They were thoroughly beaten in Saturday's Game 1, outscoring the Nets by 10 points in the fourth quarter just to get the final score down to 106-89.

The Bulls are well-regarded as perhaps the league's most resilient team. But they've got one meeting day and a shootaround to try to fix that miserable showing before Game 2 on Monday at the Barclays Center.

"We know what we have to do -- go out there and guard," Jimmy Butler said Sunday at the team hotel in Manhattan. "That was the biggest problem; they got whatever they wanted on offense. We weren't the aggressors on defense.

"That's easily corrected, so we just have to go out and do it on Monday."

Coach Tom Thibodeau had no trouble pinpointing when things went wrong for the Bulls.
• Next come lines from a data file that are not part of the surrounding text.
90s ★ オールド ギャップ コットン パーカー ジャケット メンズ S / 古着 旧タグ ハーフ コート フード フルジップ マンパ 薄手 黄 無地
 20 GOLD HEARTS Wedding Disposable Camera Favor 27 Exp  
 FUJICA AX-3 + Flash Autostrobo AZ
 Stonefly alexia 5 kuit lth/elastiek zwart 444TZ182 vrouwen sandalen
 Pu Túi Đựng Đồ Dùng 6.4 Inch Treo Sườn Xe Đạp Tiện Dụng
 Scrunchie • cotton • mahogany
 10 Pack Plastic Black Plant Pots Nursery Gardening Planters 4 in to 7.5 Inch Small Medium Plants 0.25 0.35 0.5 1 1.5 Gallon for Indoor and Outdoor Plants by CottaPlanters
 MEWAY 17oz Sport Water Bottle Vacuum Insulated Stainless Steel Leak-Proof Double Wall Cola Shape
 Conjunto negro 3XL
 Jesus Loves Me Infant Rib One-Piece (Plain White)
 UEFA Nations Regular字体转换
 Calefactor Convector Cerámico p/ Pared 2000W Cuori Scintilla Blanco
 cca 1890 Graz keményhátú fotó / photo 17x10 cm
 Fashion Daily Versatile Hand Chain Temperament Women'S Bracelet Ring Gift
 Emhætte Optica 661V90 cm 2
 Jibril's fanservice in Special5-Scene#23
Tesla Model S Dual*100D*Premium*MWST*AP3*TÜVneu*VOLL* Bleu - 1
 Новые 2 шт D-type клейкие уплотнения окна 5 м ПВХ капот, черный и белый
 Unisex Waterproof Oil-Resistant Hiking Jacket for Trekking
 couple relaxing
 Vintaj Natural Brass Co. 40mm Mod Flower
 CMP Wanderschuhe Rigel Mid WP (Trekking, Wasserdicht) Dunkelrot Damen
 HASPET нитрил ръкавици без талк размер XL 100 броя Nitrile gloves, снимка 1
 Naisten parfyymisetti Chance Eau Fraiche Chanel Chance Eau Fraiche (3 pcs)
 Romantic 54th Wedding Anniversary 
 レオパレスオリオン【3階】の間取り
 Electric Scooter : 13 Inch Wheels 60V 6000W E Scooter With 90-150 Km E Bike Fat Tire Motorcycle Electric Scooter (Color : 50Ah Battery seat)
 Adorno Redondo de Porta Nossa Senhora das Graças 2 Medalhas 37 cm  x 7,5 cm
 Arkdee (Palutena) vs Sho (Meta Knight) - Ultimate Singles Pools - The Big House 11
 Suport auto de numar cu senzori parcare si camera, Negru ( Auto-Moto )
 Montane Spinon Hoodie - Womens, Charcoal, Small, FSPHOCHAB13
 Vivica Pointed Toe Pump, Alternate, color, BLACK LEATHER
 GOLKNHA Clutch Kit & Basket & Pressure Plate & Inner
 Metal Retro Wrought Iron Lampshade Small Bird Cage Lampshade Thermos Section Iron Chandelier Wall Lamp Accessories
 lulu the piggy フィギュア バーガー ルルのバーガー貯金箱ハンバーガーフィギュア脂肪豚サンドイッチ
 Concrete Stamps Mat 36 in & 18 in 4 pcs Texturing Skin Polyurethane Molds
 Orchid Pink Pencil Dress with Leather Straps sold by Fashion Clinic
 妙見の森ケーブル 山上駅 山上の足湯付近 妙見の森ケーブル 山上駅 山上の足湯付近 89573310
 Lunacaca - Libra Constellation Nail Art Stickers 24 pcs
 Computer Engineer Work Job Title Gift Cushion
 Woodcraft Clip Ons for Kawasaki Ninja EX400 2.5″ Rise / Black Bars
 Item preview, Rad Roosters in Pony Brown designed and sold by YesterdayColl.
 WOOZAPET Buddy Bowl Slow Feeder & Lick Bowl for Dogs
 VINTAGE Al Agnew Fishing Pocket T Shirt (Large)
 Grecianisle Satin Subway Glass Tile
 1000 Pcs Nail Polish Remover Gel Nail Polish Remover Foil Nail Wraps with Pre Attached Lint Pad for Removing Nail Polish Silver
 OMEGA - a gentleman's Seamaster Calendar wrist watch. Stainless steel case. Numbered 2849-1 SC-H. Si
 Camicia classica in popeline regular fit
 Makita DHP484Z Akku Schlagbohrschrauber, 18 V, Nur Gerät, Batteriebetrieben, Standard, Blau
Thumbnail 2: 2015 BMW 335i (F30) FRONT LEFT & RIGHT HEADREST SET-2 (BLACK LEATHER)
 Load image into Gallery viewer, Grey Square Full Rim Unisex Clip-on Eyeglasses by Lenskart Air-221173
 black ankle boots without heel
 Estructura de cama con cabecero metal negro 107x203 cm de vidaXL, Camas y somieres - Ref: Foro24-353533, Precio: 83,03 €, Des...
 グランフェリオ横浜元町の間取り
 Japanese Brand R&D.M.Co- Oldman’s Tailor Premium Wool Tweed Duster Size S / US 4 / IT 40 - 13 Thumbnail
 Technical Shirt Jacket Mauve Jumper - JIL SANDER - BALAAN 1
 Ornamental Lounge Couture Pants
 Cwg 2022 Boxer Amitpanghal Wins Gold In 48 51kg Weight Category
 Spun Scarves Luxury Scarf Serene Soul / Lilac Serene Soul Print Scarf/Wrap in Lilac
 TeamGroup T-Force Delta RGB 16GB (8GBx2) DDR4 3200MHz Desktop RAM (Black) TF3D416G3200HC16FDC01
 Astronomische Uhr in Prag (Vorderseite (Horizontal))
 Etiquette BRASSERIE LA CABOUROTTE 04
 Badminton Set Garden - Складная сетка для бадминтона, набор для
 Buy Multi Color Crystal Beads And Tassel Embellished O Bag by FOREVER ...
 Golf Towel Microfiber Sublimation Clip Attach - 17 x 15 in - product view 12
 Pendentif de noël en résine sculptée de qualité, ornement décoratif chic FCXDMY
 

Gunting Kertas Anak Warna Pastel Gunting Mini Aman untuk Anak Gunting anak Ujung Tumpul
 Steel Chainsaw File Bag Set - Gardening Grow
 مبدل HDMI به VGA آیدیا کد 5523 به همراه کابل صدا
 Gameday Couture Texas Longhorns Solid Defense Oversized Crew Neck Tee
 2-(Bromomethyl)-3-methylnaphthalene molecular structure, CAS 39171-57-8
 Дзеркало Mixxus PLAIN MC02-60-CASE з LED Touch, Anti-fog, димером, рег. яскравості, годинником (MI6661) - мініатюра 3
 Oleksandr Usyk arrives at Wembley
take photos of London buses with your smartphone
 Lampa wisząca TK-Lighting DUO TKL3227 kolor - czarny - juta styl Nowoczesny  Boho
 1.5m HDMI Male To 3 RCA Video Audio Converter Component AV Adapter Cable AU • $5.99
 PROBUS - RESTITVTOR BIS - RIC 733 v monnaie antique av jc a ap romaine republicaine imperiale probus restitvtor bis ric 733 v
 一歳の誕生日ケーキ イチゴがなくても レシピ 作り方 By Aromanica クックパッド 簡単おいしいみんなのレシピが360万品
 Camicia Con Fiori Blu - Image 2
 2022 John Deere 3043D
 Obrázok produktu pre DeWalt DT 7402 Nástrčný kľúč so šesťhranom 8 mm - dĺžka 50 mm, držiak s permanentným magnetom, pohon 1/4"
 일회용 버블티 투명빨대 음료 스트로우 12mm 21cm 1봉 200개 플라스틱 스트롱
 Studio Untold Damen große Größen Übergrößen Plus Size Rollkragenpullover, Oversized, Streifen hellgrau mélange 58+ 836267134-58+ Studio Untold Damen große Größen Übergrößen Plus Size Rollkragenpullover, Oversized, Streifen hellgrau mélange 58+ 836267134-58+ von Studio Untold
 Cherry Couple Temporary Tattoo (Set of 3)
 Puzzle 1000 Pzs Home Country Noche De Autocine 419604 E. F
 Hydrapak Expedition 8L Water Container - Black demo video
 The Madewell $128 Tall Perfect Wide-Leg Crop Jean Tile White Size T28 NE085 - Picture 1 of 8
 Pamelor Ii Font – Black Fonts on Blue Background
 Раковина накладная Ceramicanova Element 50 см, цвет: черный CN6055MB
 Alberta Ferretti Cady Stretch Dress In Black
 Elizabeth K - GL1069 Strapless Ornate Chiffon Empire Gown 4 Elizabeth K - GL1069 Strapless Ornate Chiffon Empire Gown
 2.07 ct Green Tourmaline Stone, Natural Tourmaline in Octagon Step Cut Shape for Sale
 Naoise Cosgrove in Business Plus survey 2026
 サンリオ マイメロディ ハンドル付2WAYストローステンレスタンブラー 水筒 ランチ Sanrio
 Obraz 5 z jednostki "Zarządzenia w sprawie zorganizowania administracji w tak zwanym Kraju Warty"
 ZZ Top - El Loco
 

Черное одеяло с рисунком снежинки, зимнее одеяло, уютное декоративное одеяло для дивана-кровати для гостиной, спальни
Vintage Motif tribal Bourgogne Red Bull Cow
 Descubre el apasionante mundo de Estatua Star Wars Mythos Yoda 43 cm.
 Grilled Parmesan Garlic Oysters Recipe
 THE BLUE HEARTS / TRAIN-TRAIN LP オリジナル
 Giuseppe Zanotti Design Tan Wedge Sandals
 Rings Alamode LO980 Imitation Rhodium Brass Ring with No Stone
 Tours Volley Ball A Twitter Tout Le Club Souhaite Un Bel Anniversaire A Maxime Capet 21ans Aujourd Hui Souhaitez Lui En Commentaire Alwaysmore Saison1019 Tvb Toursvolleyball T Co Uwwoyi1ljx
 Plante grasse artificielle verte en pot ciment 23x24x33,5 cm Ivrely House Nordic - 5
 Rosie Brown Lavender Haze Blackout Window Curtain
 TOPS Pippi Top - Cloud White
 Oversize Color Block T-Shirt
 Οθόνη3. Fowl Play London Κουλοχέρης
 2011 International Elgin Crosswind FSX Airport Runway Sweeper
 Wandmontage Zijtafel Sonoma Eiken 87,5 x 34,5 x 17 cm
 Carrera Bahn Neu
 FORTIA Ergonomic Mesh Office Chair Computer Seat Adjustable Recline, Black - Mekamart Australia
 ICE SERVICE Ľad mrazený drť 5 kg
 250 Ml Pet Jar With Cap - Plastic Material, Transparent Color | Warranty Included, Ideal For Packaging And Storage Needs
They trailed 15-12 with 3:48 left in the first quarter, then watched Brooklyn finish the quarter on a 10-2 run and shoot 80 percent from the field in the second to build the lead to 25.

At the start of the game the Nets went to center Brook Lopez and point guard Deron Williams almost exclusively. That pair took 15 of 20 shots and scored 22 of 25 points in the first quarter.

Once those two were established, Brooklyn started getting contributions from Joe Johnson, Gerald Wallace and even C.J. Watson.

Watson, the guy who shot 28.9 percent in 22 playoff games for the Bulls the past two years, went 6-for-8 for 14 points in Game 1.

"They have three players that are going to require a lot of attention," Thibodeau said, adding Johnson to the dangerous list. "So you have to go in and say, 'OK, anytime we commit two to the ball, what are we willing to live with?'

"Anytime you put two on the ball, you're going to give something up. But you have to be able to take care of the ball in the paint and go out and challenge shots. Now the thing you have to ask is are you executing it correctly and are you doing it hard enough?

"There's a couple things we're going to do a little bit differently, but we'll see."

The Bulls don't have to look back very far to find an example of how a lopsided Game 1 can be meaningless. The Bulls beat Miami by 21 points in the opener of the 2011 Eastern Conference finals, then dropped the next four contests.

A year ago they lost Derrick Rose to a torn ACL in the playoff opener and had to figure out quickly how to play without him. Even though the Bulls' current lineup is flawed, it should be the same Monday.

Thibodeau said Joakim Noah's sore right foot felt relatively good Sunday and Kirk Hinrich is fine after leaving Game 1 with a thigh bruise.

To stay competitive in this series, the Bulls need to either find a way to slow down Lopez and Williams, or at least shut down everyone else.

"I think for us as a team, we know we could be a lot better," Luol Deng said. "We will be a lot better in the next game. We didn't do what we've been doing (all season).

"We've had a lot of guys out, a lot of guys back in the lineup. You tend to relax a little bit, thinking that guys are back, now you're deeper.

"Sometimes when you have those guys out, you play harder knowing those guys are out. I think we have to have the mindset of playing like how we've been."